He held her close in his embrace as though he feared that something would happen to prevent his seeing her again. He kissed the tears from her cheeks, and begged her to be calm, and to tell him about her voyage, and lastly to speak about her husband and children.
Her sobs were her only response. He grew impatient at her refusal to answer his interrogations, and then suspicions of foul play entered his imagination.
“There has been some wrong done you,” he cried, appealing to his daughter.
She answered with tears and moans.
“Speak, and tell me who has dared to injure you,” he cried vehemently. “Was it your husband?”
His brow grew threatening and black, as he put the question.
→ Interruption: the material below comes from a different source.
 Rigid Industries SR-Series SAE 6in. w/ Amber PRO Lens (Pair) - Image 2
There was no reply, but his daughter clung to his neck with a more convulsive grasp, as though she feared to lose her parent also.
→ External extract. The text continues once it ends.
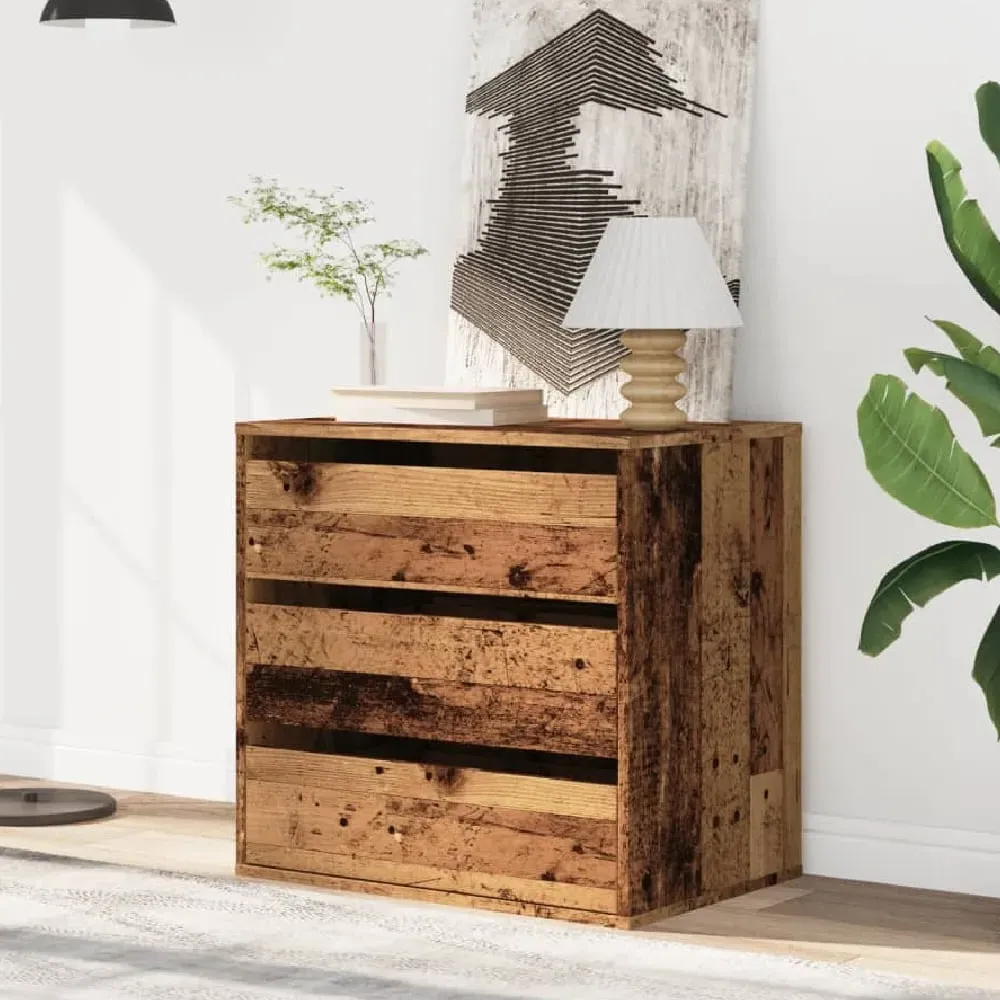 Amarillo 3-Drawer Chest - Brown Oak, Engineered Wood image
He glanced from Smith to Fred, and from the latter to myself, as though debating whether we were the guilty party.
“Tell me,” he cried, lifting her head from his shoulder, and seeking to get a glimpse of her face, “who has wronged you?”
There was no response. He placed her gently upon the blankets, and then with a face that was livid with rage, grasped his musket which had fallen to the ground.
“Which of you has dared to do this?” he asked, and the ominous click of the lock of the gun proved that he was in earnest, and that all of his worst passions were aroused.
No one answered. I looked towards Smith, expecting to hear him explain every thing; but, to my surprise, he was silent; evidently too much astonished at the unexpected turn which the affair had assumed, to speak.
My look was misconstrued by the indignant convict, for before I could speak, the long gun was levelled at the breast of Smith, and in another moment all his hopes and fears would have been at an end, had not his child started up and rushed towards him.
“Not him!” she shouted, wildly. “O God, not him!”
He dropped the muzzle of his gun, but his fierce eyes still glared from Fred to me.
“Which of these two?”
He indicated us with a motion of the hand that held the gun, and looked in his child’s face for confirmation.
“Neither, father—so help me Heaven, neither. Without the aid of these friends I should have perished.”
He dropped the muzzle of the gun, and each of us felt thankful as he did so, for we had witnessed the accuracy of his aim the day before, and while the muzzle of the musket was pointed towards us, one of our lives was not worth insuring.
“You are tired and distressed,” the convict said, addressing his daughter with a degree of tenderness that I thought wonderful after his late outbreak.
“My head,” she murmured, “feels as though it would burst; while my heart is broken already.”
“Rest a while, until I confer with your new-found friends, and then you shall accompany me to my home. It is a hut, but it is all I have to shelter you.”